The answer must be the lines from the one that holds "Image de vidaXL" through the final line of the data, copied exactly, with no pictures.

__SOURCE MATERIAL__
━━━━━━
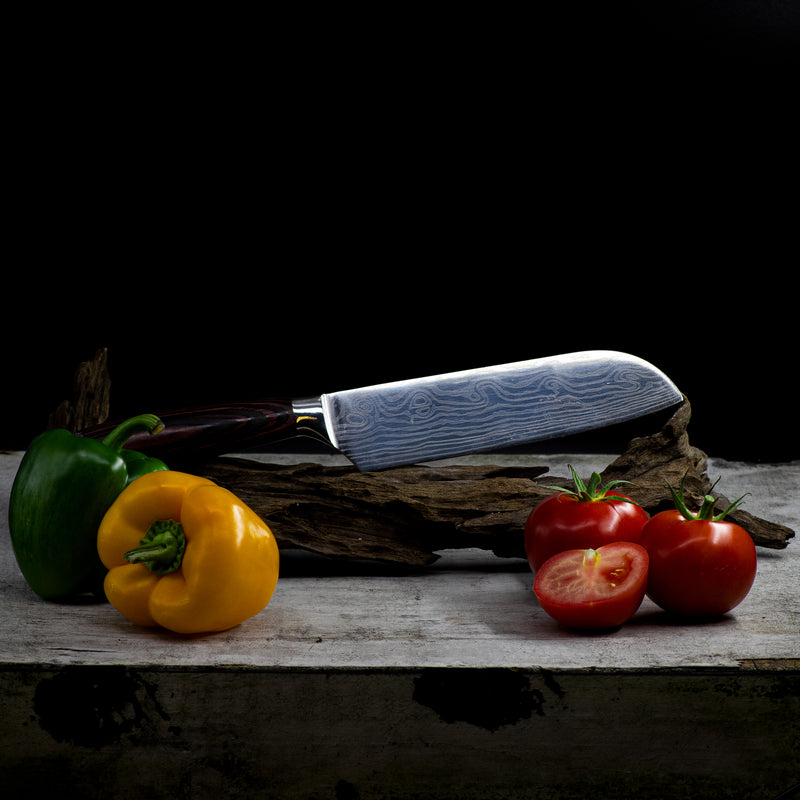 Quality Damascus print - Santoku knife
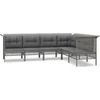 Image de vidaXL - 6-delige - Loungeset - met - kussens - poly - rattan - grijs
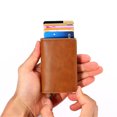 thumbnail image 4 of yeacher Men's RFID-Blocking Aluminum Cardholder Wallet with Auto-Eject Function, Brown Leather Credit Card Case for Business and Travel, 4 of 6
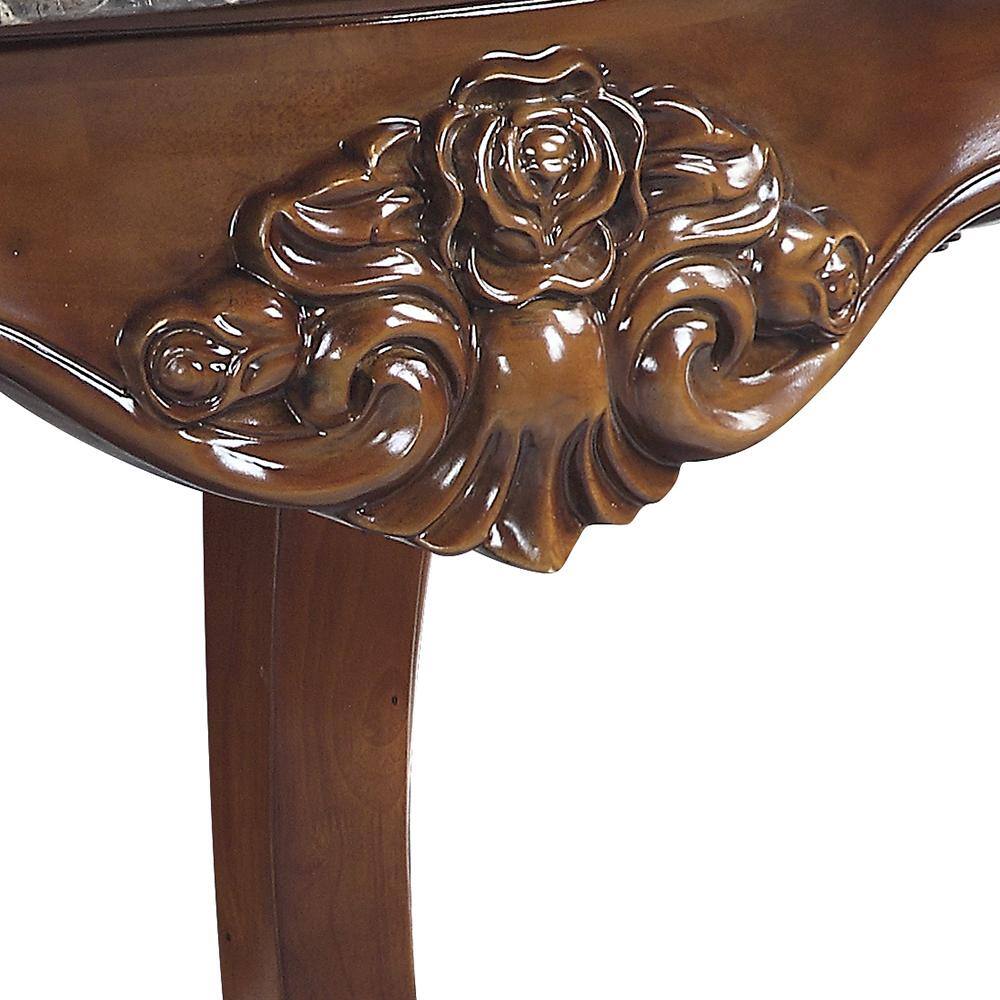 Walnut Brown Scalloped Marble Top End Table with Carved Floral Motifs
━━━━━━
__OUTPUT FOR THIS EXERCISE__
 Image de vidaXL - 6-delige - Loungeset - met - kussens - poly - rattan - grijs
 thumbnail image 4 of yeacher Men's RFID-Blocking Aluminum Cardholder Wallet with Auto-Eject Function, Brown Leather Credit Card Case for Business and Travel, 4 of 6
 Walnut Brown Scalloped Marble Top End Table with Carved Floral Motifs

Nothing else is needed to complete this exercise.